CBO SCORING OF TRUMP'S BUDGET & LATEST TRUMPCARE: HIS FOLKS GET HIT HARDEST BUT WILL THEY CARE?

Trump's budget hits his own voters hardest



The president's proposal for next year's federal spending calls for more than $1 trillion in cuts to social programs, including farm aid.

Here are some key facts and figures from the new CBO report on the American Health Care Act, the House-passed bill to repeal and replace Obamacare. CBO stressed the uncertainty of its estimates, given that it's hard to know which states would take up the chance to opt out of certain key parts of Obamacare. All figures are for the decade spanning 2017-2026 unless otherwise specified.

14 million

14 million fewer people will be insured one year after passage.

23 million

23 million fewer will be insured in 10 years.

$834 billion in Medicaid cuts

AHCA would cut spending on Medicaid, the joint federal-state health program for low-income people, by $834 billion. The program would cover 14 million fewer people.

Premiums will go up in 2018 and 2019

Premiums will go up in 2018 and 2019. After that, there will be significant variation depending on whether someone lives in a state that opts out of key Obamacare insurance rules.

In some states, premiums would decline

In states that waive some Obamacare rules, premiums would decline by 20 percent over a decade compared to current law.

Relatively stable markets

One out of 6 Americans will live in an area with an unstable insurance market in 2020 where sick people could have trouble finding coverage. But 5 out of 6 would have access to relatively stable markets.

Older Americans face much higher premiums

Poor, older Americans would be hit especially hard. The average 64-year-old earning just above the poverty line would have to pay about 9 times more in premiums.

Twice as many uninsured

In 2026, 51 million people under age 65 would be uninsured — almost twice as many as the 28 million who would have lacked coverage under Obamacare.

Less savings

The bill will save $119 billion, which is $32 billion less than a previous version of AHCA.

$664 billion

It repeals $664 billion worth of taxes and fees that had financed Obamacare.

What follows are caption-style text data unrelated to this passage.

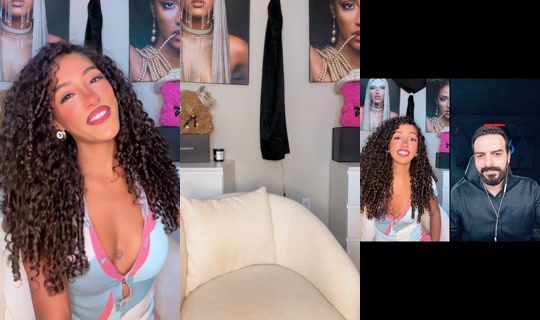 official_janina's Stream - Aug 3, 2026, 4:32 AM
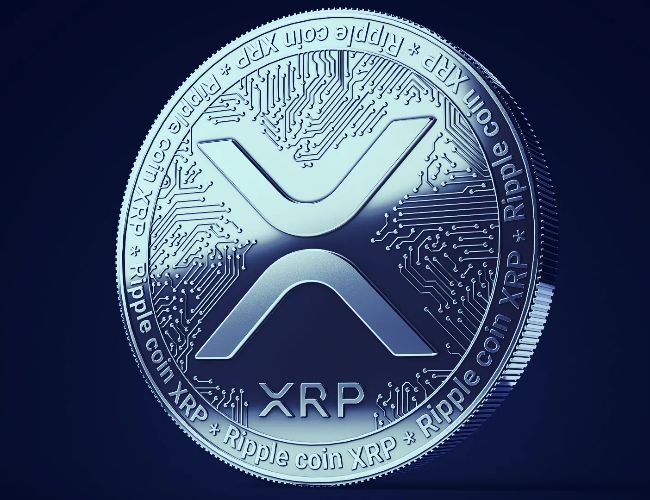 انفجار XRP: هل ستصل إلى $100؟ تعرف على توقّعات الخبراء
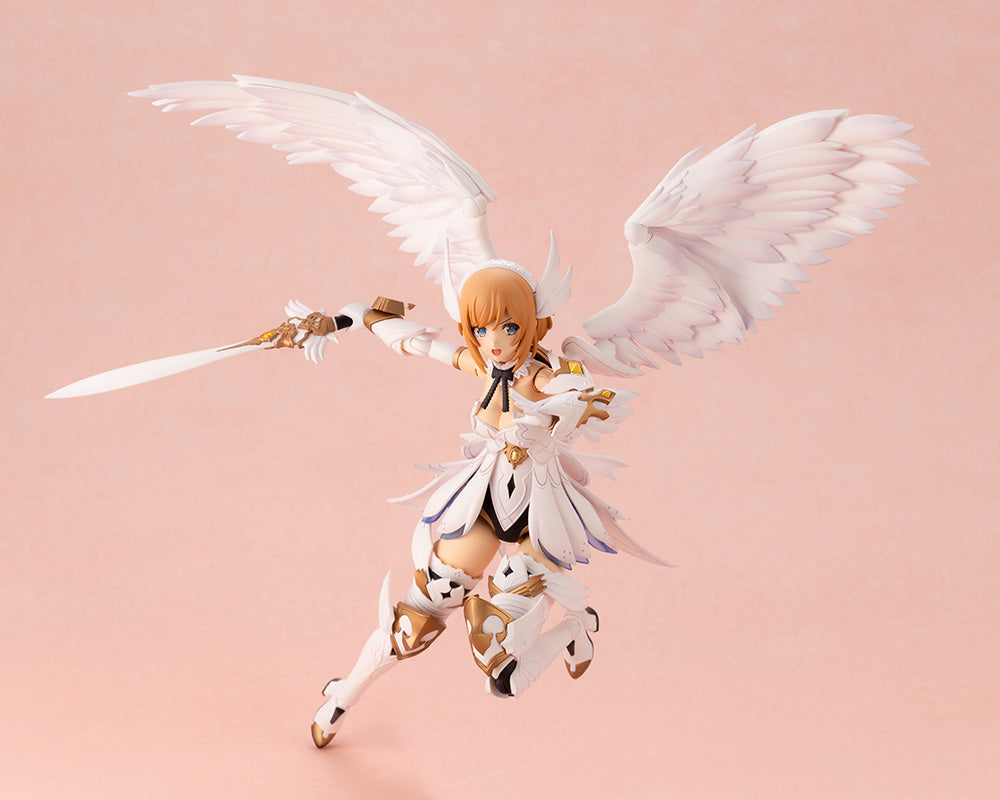 Kotobukiya Arcanadea Lumitea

Here's an analysis of the CBO report from on the Trump/Ryan Deathcare Act from Daily Kos:

The Congressional Budget Office's devastating score of Trumpcare is kind of a slog to actually read. Just ask Freedom Caucus leader Rep. Mark Meadows! So in order to help those Republicans who didn't bother to read the bill or the CBO report, here's some of the lowlights from the report of what they voted to inflict on the public. The report House Speaker Paul Ryan says he's "actually comforted" by.
  • The number of people losing insurance in the next year is 14 million, the same as in the original Trumpcare. It would force 23 million out of insurance in the next decade, 1 million fewer than the original Trumpcare. As Dylan Matthews points out it "costs $218 billion more than the original, covers 1 million more. That's $218,000 per new person insured."
  • By 2026, 51 million people will be uninsured, compared to 28 million under current law—Obamacare.
  • Among those uninsured, "the increase would be disproportionately larger among older people with lower income—particularly people between 50 and 64 years old with income of less than 200 percent of the federal poverty level." Like, 800 percent more expensive.
  • Relatedly, it would increase Medicare disproportionate-share payments to hospitals by $43 billion in the next decade, because of the costs of treating so many new uninsured patients.
  • It would destabilize the individual insurance market for one-sixth of the population in the states that get the waivers to avoid providing comprehensive coverage, which would mean that premiums for people buying comprehensive plans would be unaffordable.
  • It would cut $834 billion from Medicaid in the next ten years, and cut 14 million people out of Medicaid coverage.
But, hey! It would be a $663 billion tax cut over the next 10 years for the rich! That's what matters most of all to Republicans, and probably the part of this that Ryan finds particularly comforting. Well, that and fulfilling his frat-boy dream of destroying Medicaid.
NOTE:  Both Trump's Budget and the Healthcare Act take very square aim at poor and working Americans, as well as the elderly.  The rich, however, make out like bandits.


LIFE GOES ON FOR MOST OF US!

PS: I think the title of the Trump Budget (I'm sure it's actually Ryan's) "America First: A Budget Blueprint To Make America Great Again" is hilariously ironic!